Will Hutton
Will Hutton is a political economist, writer, and Principal of Hertford College Oxford, a role he has held since September 2011.
He writes a weekly column for the Observer and occasionally for the Financial Times, and appears regularly on television and radio commentating on economic, financial and business issues.
As an author, his best known and most influential works are The State We're In, which was seen at the time as setting the scene for the Blair revolution, and was one of the top-selling books on political economy since 1945. Since then he has published The State to Come, The Stakeholding Society: Writings on Politics and Economics, On the Edge: Essays on a Runaway World (with Anthony Giddens) an analysis of globalisation and The Writing on the Wall: China and the West in the 21 st Century.

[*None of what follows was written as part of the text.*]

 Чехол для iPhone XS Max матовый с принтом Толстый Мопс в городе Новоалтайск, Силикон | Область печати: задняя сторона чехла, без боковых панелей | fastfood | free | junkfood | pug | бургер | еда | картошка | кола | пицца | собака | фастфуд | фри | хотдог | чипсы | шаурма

His most recent book, How Good We Can Be published in February 2015, reached number 3 in the Guardian best-seller list.
He has authored a number of independent reports to government. In 2010/11 he lead a review on fair pay in the public sector at the invitation of Prime Minister David Cameron, and whose recommendations were implemented in part in 2012.
In 2004, Will was invited by the European Commission to join a High Level Group on the mid-term review of the Lisbon Strategy on Europe’s knowledge economy and act as its “rapporteur” for the final report. He also chaired the think tank “The Employment Policy Institute” from 1991 to 2001.